(IMAGE: Topiary Productions)
Indie Rights, 2022. Drama. 86 minutes.
Grade: 2.5 out of 4
Streaming on Prime Video.
Anyone unfamiliar with geological jargon may feel like they’re watching a foreign-language film without the subtitles at the beginning of Unconformity. Writer-director Jonathan DiMaio based his screenplay on time spent in the Mojave desert with a geology class, and he does not dumb it down. Not that he needs to – one needn’t comprehend every concept under discussion to know that Ph.D student Alex Haynes (Alex Oliver) has a final project proposal that involves travel to Svalbard, in the Greenland Sea. Or that her supposed boyfriend tells her to keep it under wraps, than steals it as his own pitch, and gets the grant for himself.
Instead, inspired by a poster at her indoor climbing gym, Alex decides to head to the high desert in Nevada, where she can climb and study rocks. In the middle of nowhere, every step of her routine becomes a character-building detail, like it did for Dale Dickey’s character in A Love Song. Alex climbs, crushes rocks, rinses, cooks bad bacon, sleeps in a tent, vomits, and craps behind a rock, which is of course right when someone happens to wander by. Nick (Jack Mulhern) is a second-generation rancher who periodically leads his cattle illegally onto federal land to graze when there’s nothing else around, and their well at home is broken.
Alex and Nick become friends, though it’s a bit weird, as she looks fairly young, but at the right age for small age differences to be important, with him looking younger. They stay platonic regardless, but it’s not always entirely clear if more is being implied…or appropriate. Considering Nick lives with his dad, Everett (Jeremy Holm), who’s just a little bit over the line of being tough-but-fair, the youngster feels even more like a berated kid, while Alex is the epitome of independence. When she starts finding fossils, it’s like a fulfillment of destiny, with fate finally approving her choice to come out to the desert.

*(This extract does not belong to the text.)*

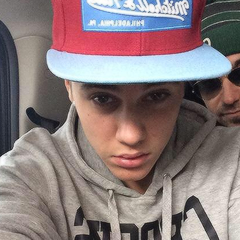 fala que é belieber desde 2010 mas quando ele foi preso 'saiu' do fandom, sai daqui escrotiane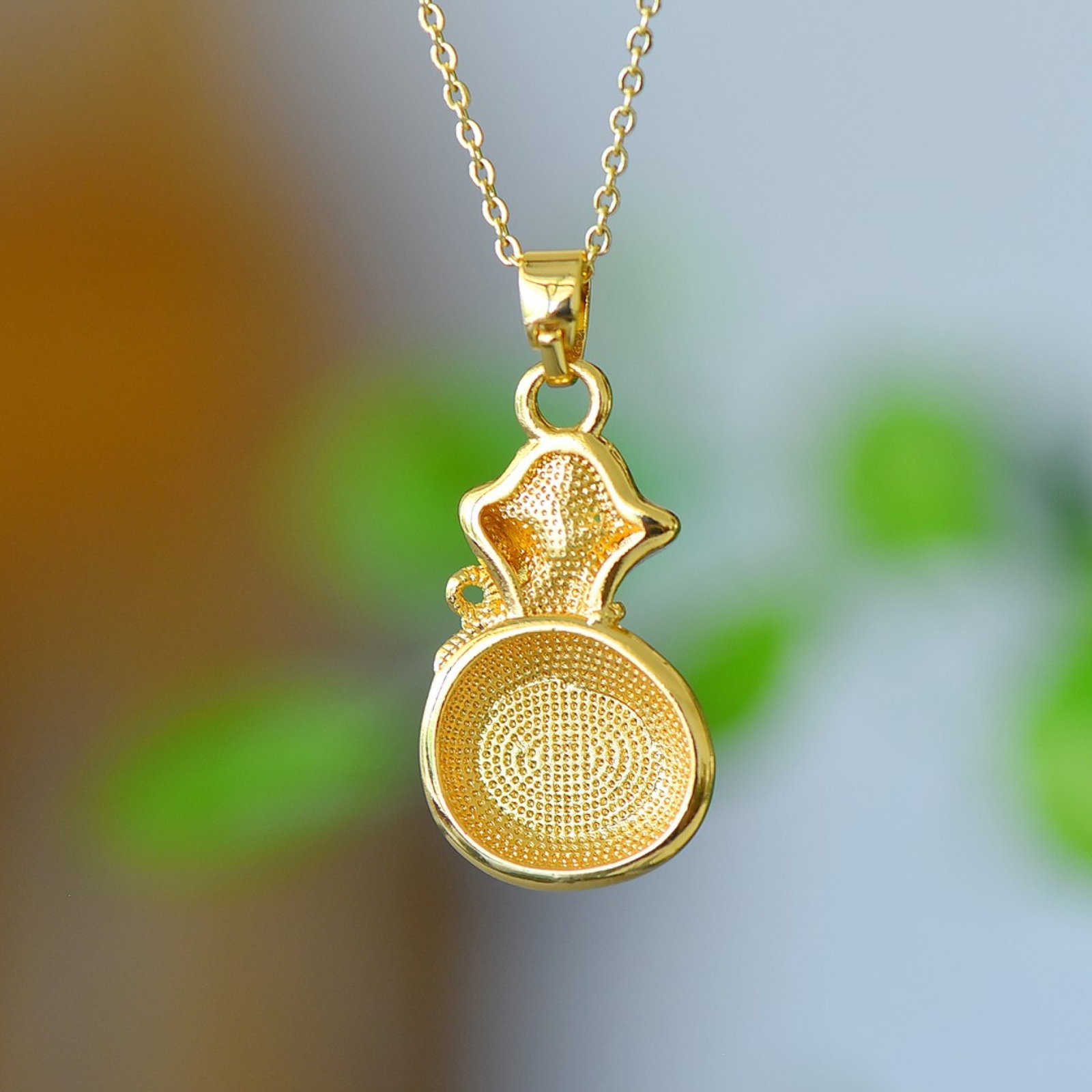 An Exquisite Pendant - 5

For the most part, DiMaio observes. The rhythms of life as a field geologist, or as a desert rancher, feature specifics the viewer may not understand upfront, but they deliver a sense that the filmmaker, at least, knows what he’s talking about. Seeing the ins and outs of these lives is rewarding, yes, but figuring out every detail is less important than watching how these folks deal with the particular adversities that come up, from broken fences to the overly attentive BLM Agent Lowrie (Eddie Martinez), whose routine checkups come to feel more and more threatening.
Note: just as an example of how little the movie explains, it might be worth pointing out to politically active readers that “BLM” in this case stands for “Bureau of Land Management,” rather than anything more hot-button. It’s one of many items the movie assumes you’ll either figure out, or not. Ultimately, however, the decision not to overexplain conveys two things: that DiMaio knows what he’s talking about, and that he trust you to catch up to the important stuff. This may not be true for every viewer, of course, but plenty should appreciate him for it.
Hana Kitasei’s cinematography takes advantage of the whole frame, emphasizing the vastness of the space, with Alex sometimes looking like a tiny ant against the desert’s plateaus. In interiors, she looms larger, but against almost nothing, with the academic spaces overwhelmingly white-walled and devoid of other interesting objects. Nick’s world is more interesting in that way – his house and local bar like cozy caves in which to briefly retreat from the great wide open.
Alex’s skin and hands, incidentally, seem remarkably unweathered for what she does. Movies gonna movie, of course, and Unconformity eventually feels the need, as many stories do, to contrive a crisis that brings closure to everyone’s storyline. After most of what we’ve seen is such unhurried observation, it’s like a sudden reminder that this isn’t real, but a scripted melodrama that’ll do what they all do. If it’s done its job, you’ll care about the characters enough that the forced feeling of the finale won’t be a dealbreaker. But it’s ironically a pretty conformist way to wrap it up.